I ran into the hospital room # 810 and there he was….no life…..The surgeon, nurse and chaplain watched me scream “you weren’t supposed to leave me yet! I touched his arm kissed his head and waved above him and said goodbye to his spirit as I knew he was ascending to our Lord. I cried so hard my false eyelashes started to fall off and I said “here they go” and the nurse quickly got a tissue. I pulled them off placed them on the tissue and she threw them away.

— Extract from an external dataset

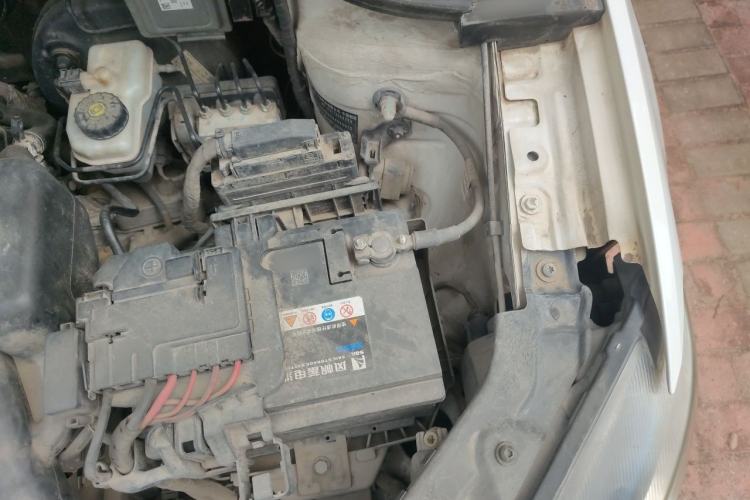 Used Volkswagen Jetta 2013 1.6L Automatic Comfort Model Engine Bay Left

They then escorted me to this room where people go like me to cry away from others. It had a lot of windows and the surgeon and the chaplain sat with me. They prayed and I sobbed. I started to call all of John’s family first then his friends then his co-workers to tell them he had died. The surgery was too much for his heart. Kemo had damaged his heart. He had to have this repair surgery as he healed wrong from colon cancer surgery a year and one half earlier. He was at risk of infection at anytime and would have had emergency surgery.........My sister and brother in law came to get me from the hospital. I went into Johns' room and he was still there. I gazed at him and touched his arm and said I already miss you. As time went on I was informed through a mutual friend that his brother and one of his friends said I wasn't allowed to go to the funeral. How can people be so cruel? I was the only one who was there at that hospital no one came to visit! They all had turned against me. I was the good guy! No one stood up for me after all John had chosen me to be with him in the end and they barred me from the funeral. My sister and John’s friend didn’t want me to be hurt and they discouraged me from going. I didn’t feel right in my spirit about not going but I decided to stay home. Then I realized I didn’t obey God. I listened to man. It was my mistake by not listening to the spirit. Obedience to God is the most important part of my life as He is my life and I doubted His power to see me through the persecution from his family and friends by attending the funeral anyway. I asked forgiveness from my Lord. Who knows what God had planned by me going? I will never know as I disobeyed. I did my best for John.......but lies I can't fight. Just continue to live the way God tells me to. I drove and speeded to his grave in the new car, as he would have wanted me to. I put 24 red roses out. He was buried next to his previous wife, like I didn't even exist....but I do and it was in the end OUR LOVE & OUR BLESSING. As I sit here writing this I remember the 3 weeks he was here with me and how blessed I was. God had mercy on John and I. He gave us valuable time.
The night before the surgery John held me, both of us skin touching skin and said “how does this feel?” I said “like Heaven!”